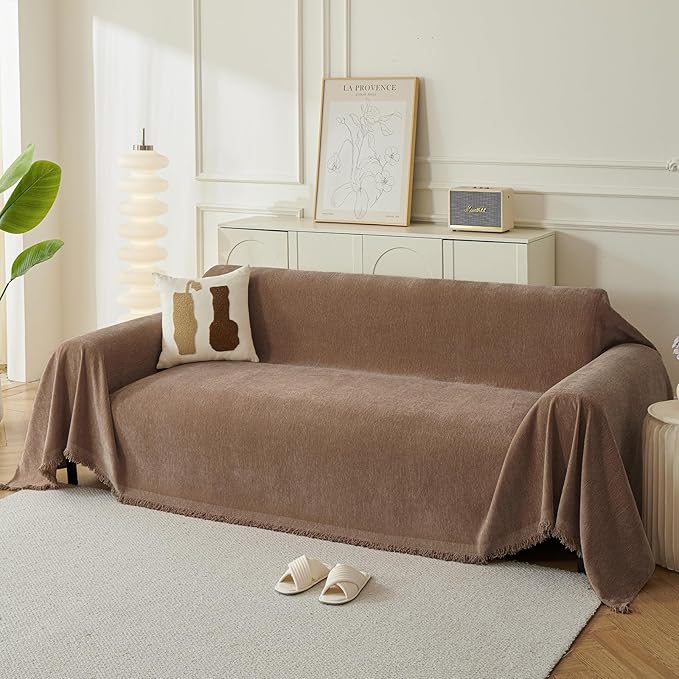Couch Cover for Dogs, Boho Sofa Covers for 2 Cushion Couch, Chenille Sofa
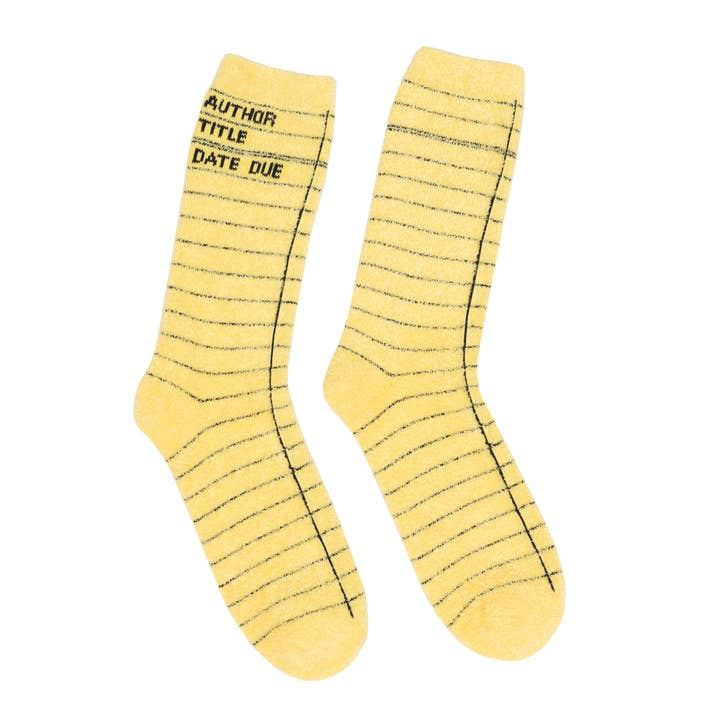 Lib Card Yellow Cozy Sock LG for wholesale by Penguin Random House LLC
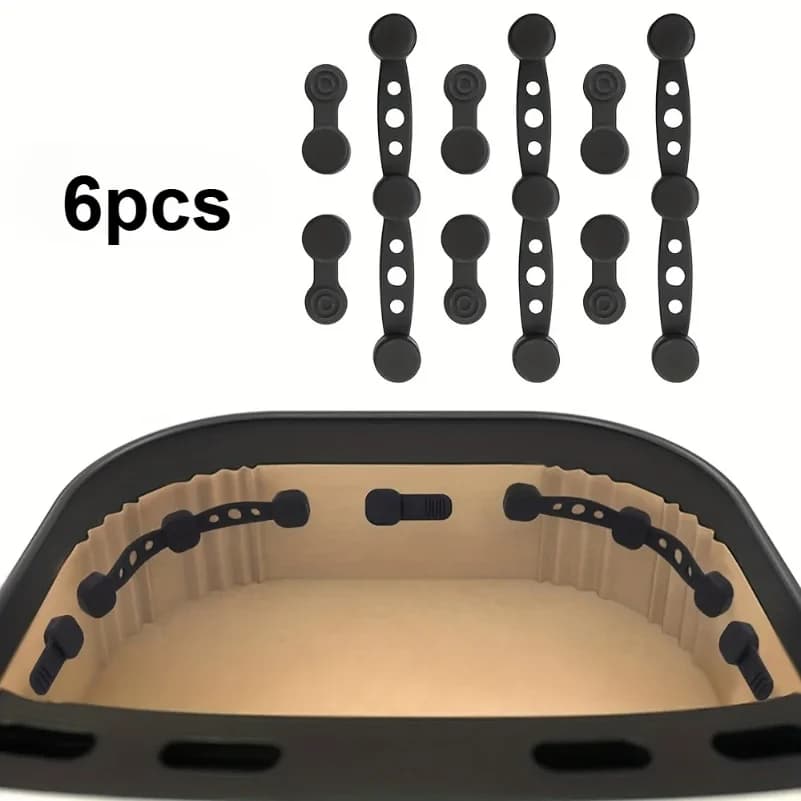 6 Pezzi/2 Set di Fibbie Magnetiche in Silicone per Friggitrice ad Aria - Clip Antiaderenti, Chiusure Magnetiche, Compatibili con Friggitrici ad Aria e Forni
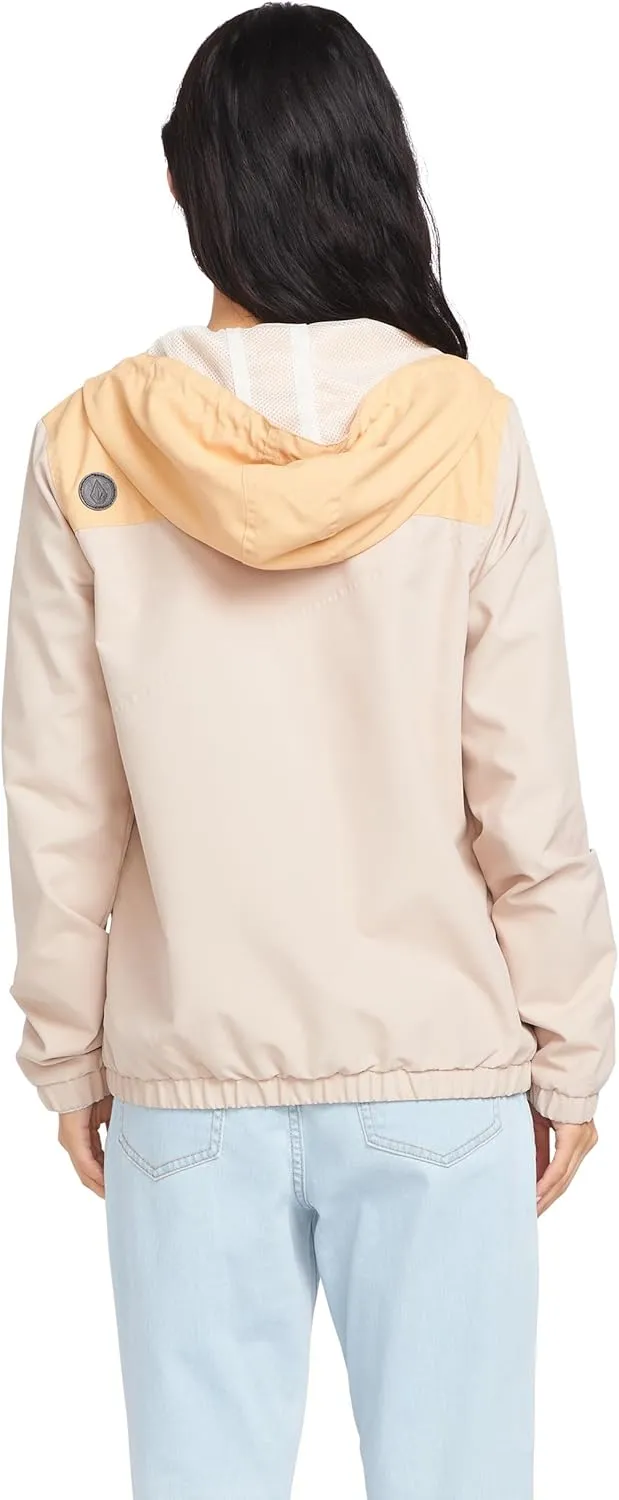 Volcom Women's Enemy Stone Hooded Zip Front Windbreaker Jacket (Regular & Plus Size)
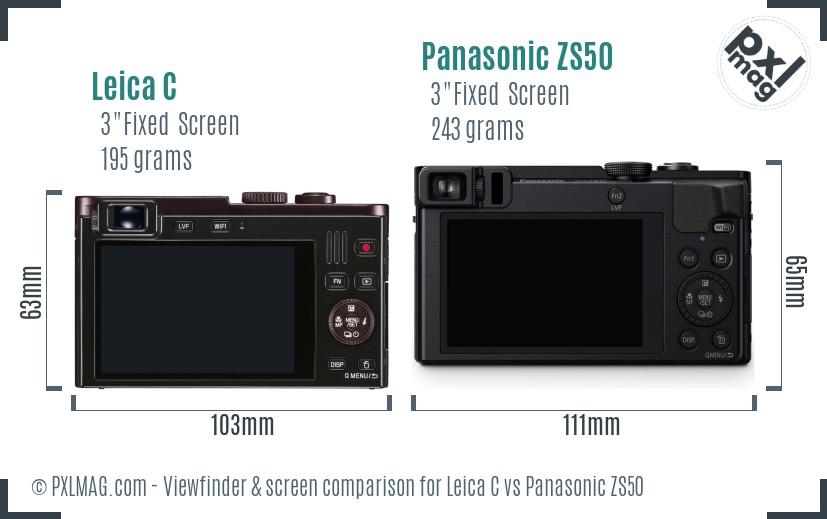 Leica C vs Panasonic ZS50 Screen and Viewfinder comparison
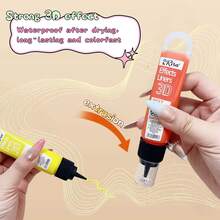 Bộ bút vẽ nghệ thuật nổi 3D, 8 màu, 4 hộp, dung tích lớn 30ml, thích hợp cho tranh kính màu, chạm khắc DIY và nghệ thuật đá. - Bút vẽ đường viền 3D - Xem 6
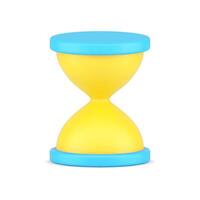 Realistic hourglass icon. Volumetric retro timer with sandy countdown vector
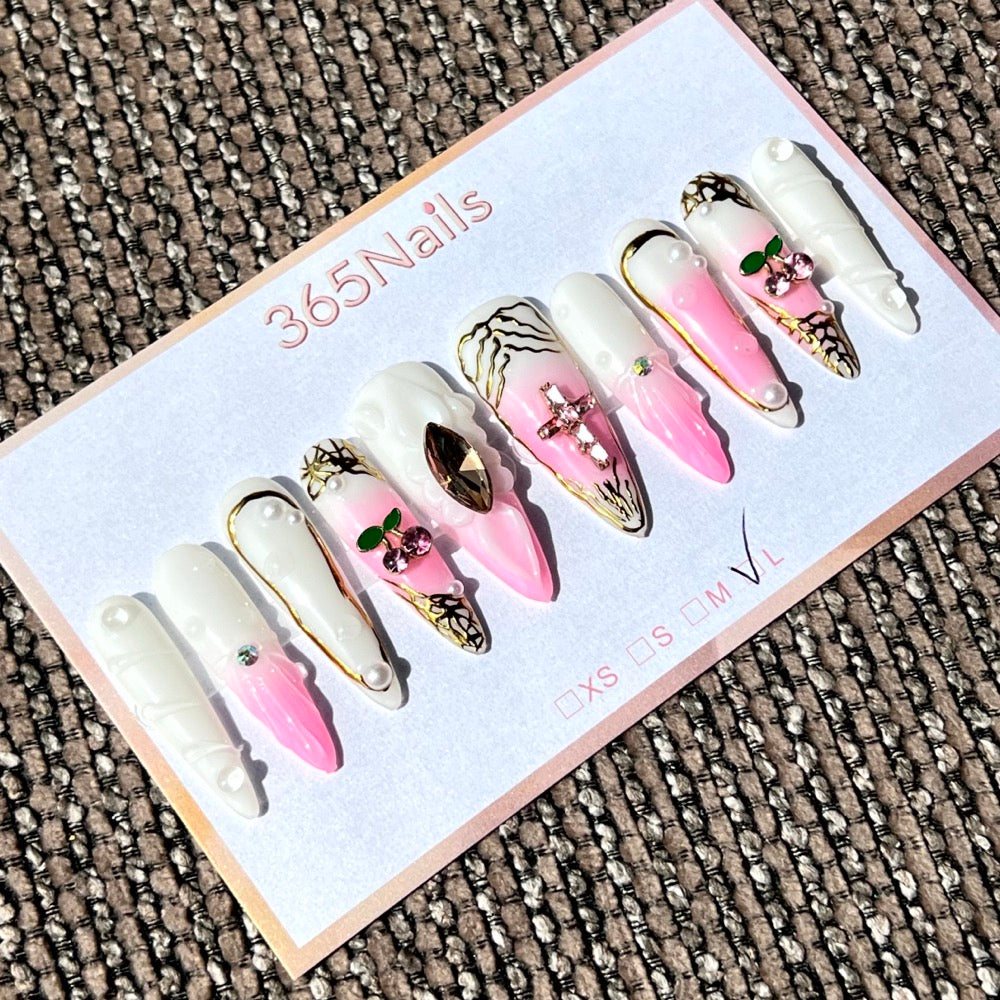 365nails: "Divine Graffiti" – 3D Cross & Graffiti Handmade Stiletto Nails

◆ ◆ ◆

Write out the whole listing exactly as it appears, and omit the pictures.

◆ **SOLUTION TO THIS TASK**
Couch Cover for Dogs, Boho Sofa Covers for 2 Cushion Couch, Chenille Sofa
 Lib Card Yellow Cozy Sock LG for wholesale by Penguin Random House LLC
 6 Pezzi/2 Set di Fibbie Magnetiche in Silicone per Friggitrice ad Aria - Clip Antiaderenti, Chiusure Magnetiche, Compatibili con Friggitrici ad Aria e Forni
 Volcom Women's Enemy Stone Hooded Zip Front Windbreaker Jacket (Regular & Plus Size)
 Leica C vs Panasonic ZS50 Screen and Viewfinder comparison
 Bộ bút vẽ nghệ thuật nổi 3D, 8 màu, 4 hộp, dung tích lớn 30ml, thích hợp cho tranh kính màu, chạm khắc DIY và nghệ thuật đá. - Bút vẽ đường viền 3D - Xem 6
 Realistic hourglass icon. Volumetric retro timer with sandy countdown vector
 365nails: "Divine Graffiti" – 3D Cross & Graffiti Handmade Stiletto Nails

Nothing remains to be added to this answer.